As mentioned, I've already put the first coat of paint on the newly textured ceiling. I'm also making my first foray into wallpaper. A while back I ordered the nifty wallpaper below for the back (window) wall only. I scanned a relatively small piece of it, so you're not really getting the entire pattern here, but trust me, it's cool. The place I found it is a German website called, and if you think you don't like wallpaper, they might change your mind.

The remaining walls will be painted the ligher of the two grays. Home Depot color matched it and I have two cans of paint ready to go.

This room will also get two sets of the DIY sliding closet doors I made a year ago (gasp). I have all the slider hardware for these as well.

I also spent some time looking into closet organizer hardware today, and it looks The Container Store and their fancy-pants Euro Elfa stuff will be separating me from some money.

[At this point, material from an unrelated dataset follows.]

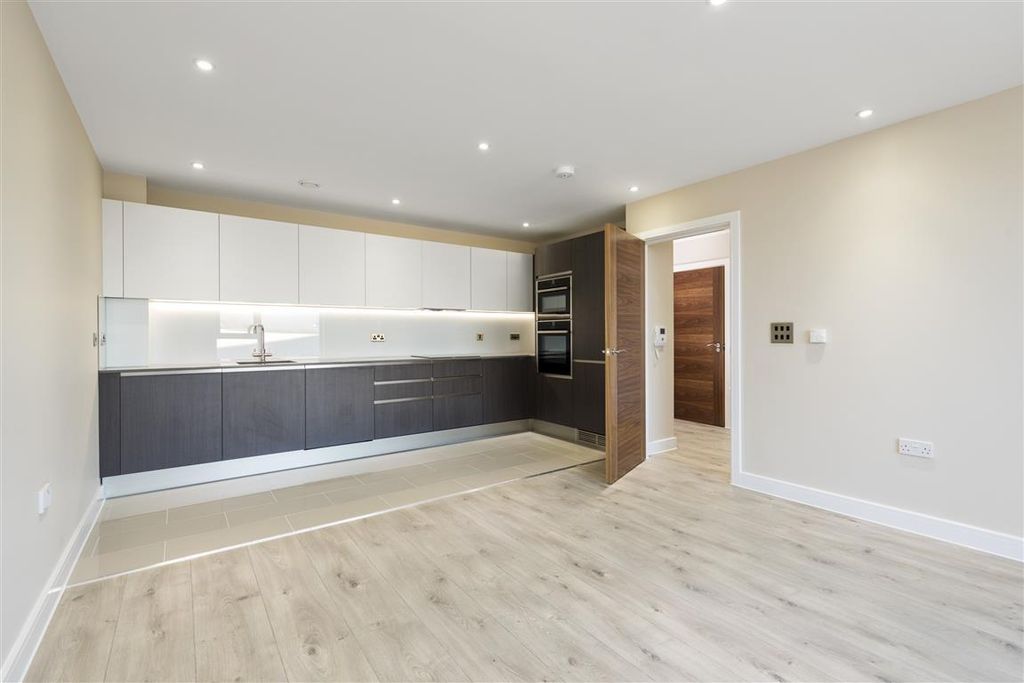 Property photo 2 of 5 Image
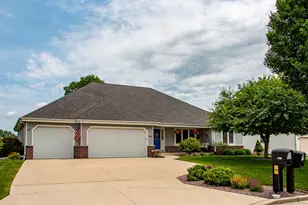 8160 S Lakeview Dr, Franklin, WI 53132 - Photo 1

As mentioned, I'm doing laminate flooring in here. I bought the flooring a couple weeks back from the pushy clowns at Lumber Liquidators, who always seem to be having the SALE OF THE CENTURY, NEVER AGAIN SAVINGS, blah-de-blah. As with with studio, it's a relatively light color, but this time I went with a slightly more rough-hewn handscraped look. I bought enough to do this room as well as the master bedroom when the time comes. I'll have a zillion pics when I'm breaking my back/butt installing it.

Finally, the other Monster Project for this room (and a big reason for my procrastination) is window replacement. All the windows here are single-pane blurry awfulness, so we're gonna cut out the existing 2x8 OXO window and replace it with a new low-E, double-pane new one for weather protection and security. This will surely be a mess and hopefully not destroy the wall too much. Wallpaper will definitely wait until this is complete.